Open Science kann zu Feed-Forward Mechanismen in der Forschung führen
Dr. Ali Aslan Gümüsay über seine Open-Science-Erfahrungen
Die drei wesentlichen Learnings:
- Open Science bewirkt quantitative und qualitative Sichtbarkeitseffekte.
- Open Science hilft, einen größeren Impact für die Gesellschaft zu erreichen.
- Die überwiegende Mehrheit der Hochschulen und Forschungseinrichtungen bietet professionelle Unterstützung zu Open-Science-Praktiken und Finanzierungsmöglichkeiten, vor allem im Kontext von Open Access.
Wie sehen Ihre positiven Open-Science-Erfahrungen aus?
AG: Generell ist für mich Open Science eine Öffnung in die Gesellschaft. Wenn ich daran glaube, dass ich als Wissenschaftler:in der Gesellschaft dienen sollte, dann ist Open Science ein Werkzeug dazu. Dies ist unabhängig davon, ob es meiner Karriere nützt oder nicht. Gleichfalls gibt es positive Effekte, nämlich quantitative und qualitative Sichtbarkeitseffekte. Meine Publikationen, die ich im Open Access veröffentliche, werden um ein Vielfaches häufiger heruntergeladen. Zudem erreiche ich nicht nur meine Peers, sondern auch Praktiker:innen, die sich auf bestimmte Artikel beziehen.
Welche Vorteile erleben Sie, wenn Ihre Forschung außerhalb der wissenschaftlichen Community rezipiert wird?
AG: Was es mir bringt, hängt wieder damit zusammen, wie ich als Wissenschaftler agieren möchte. Meine Arbeit hat einen größeren Impact, eine größere Reichweite, einen größeren Nutzen.
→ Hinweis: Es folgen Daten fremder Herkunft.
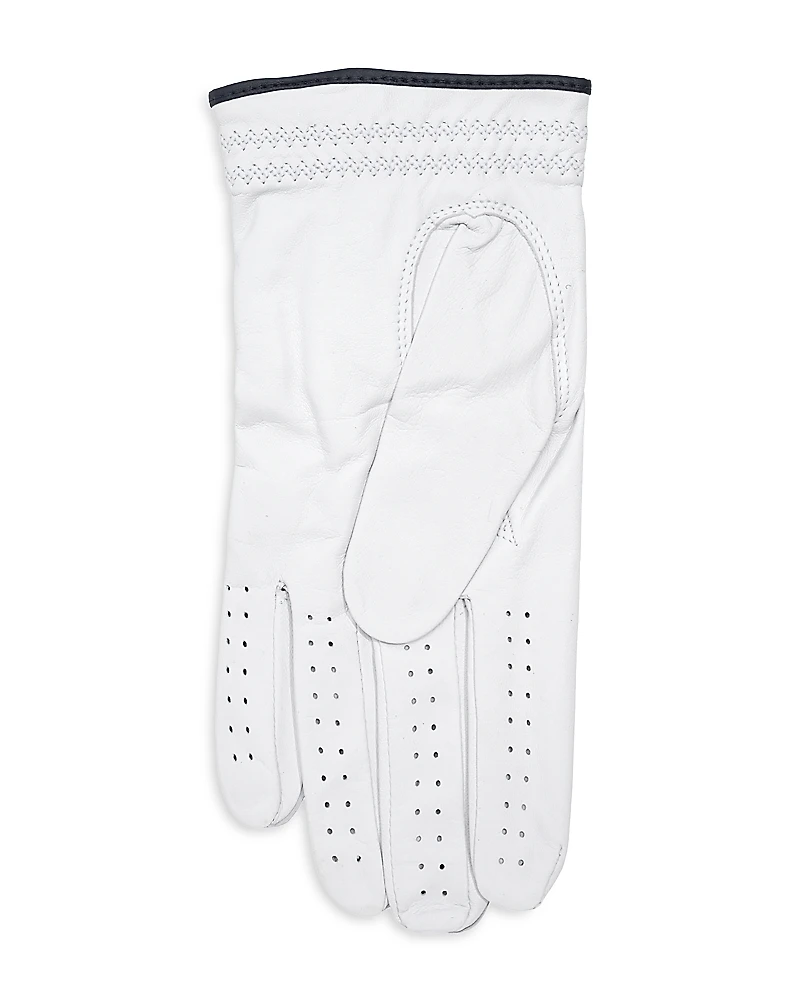 Polo Ralph Lauren Rlx Leather Golf Gloves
Es weitet sich der Diskursraum. Dafür stehe ich und dafür setze ich mich ein. Open Science ist allerdings eine Frage des Wissens und des Könnens. Ich wünsche mir deshalb für Projekte extra Mitarbeitende für Open Science. Beispielsweise kann die Aufbereitung von Forschungsdaten sehr gut von Datenexpert:innen übernommen werden. Ich wünsche mir auch eine Zusammenarbeit mit Akteur:innen, die Wissenschaftskommunikation an Fakultäten oder Institutionen voranbringen und die einem eben auch z.B. das Verfassen von journalistischen Texten teilweise abnehmen oder sich um die passende Distribution kümmern. Welcher Kanal funktioniert wie und passt am besten zu meinem Ziel. Natürlich muss der Wissenschaftler bzw. die Wissenschaftlerin auch die Überzeugung für Open Science mitbringen, aber die Umsetzung könnte ja auch bei jemand anderem liegen. Das wäre auch ein Zeichen für Jungwissenschaftler:innen. Man könnte ihnen damit zeigen, dass es Akteur:innen im Wissenschaftsbetrieb gibt, die ihnen helfen. Die Anforderungen an Wissenschaft sind mittlerweile so komplex – das kann man am besten in einem Team mit verschiedenen Professionen schaffen. Openness ist auch wichtig für das Feld, in dem ich als BWL’er arbeite: Die Unternehmen erwarten, dass ihre Cases in die Öffentlichkeit getragen werden. Es ist ein Unterschied, ob ich sage, dass ich in sieben Jahren einen Artikel in einem Journal veröffentliche oder in einem Jahr in der ZEIT.
Haben Sie ein Beispiel?
AG: Ich arbeite beispielsweise mit Sozialunternehmen zusammen, die auch purpose-getrieben sind. Ich kann denen dann Artikel zeigen, die ich im Harvard Business Review geschrieben habe oder im MIT Sloan Management Review, Pioneers Post, Süddeutsche usw. Dann sehen sie die Wirkung nach außen, die für sie eben auch wichtig ist. Es ist also ein doppelter Vorteil: Unternehmen vertrauen mir und sie sehen sich als Fall in der Öffentlichkeit.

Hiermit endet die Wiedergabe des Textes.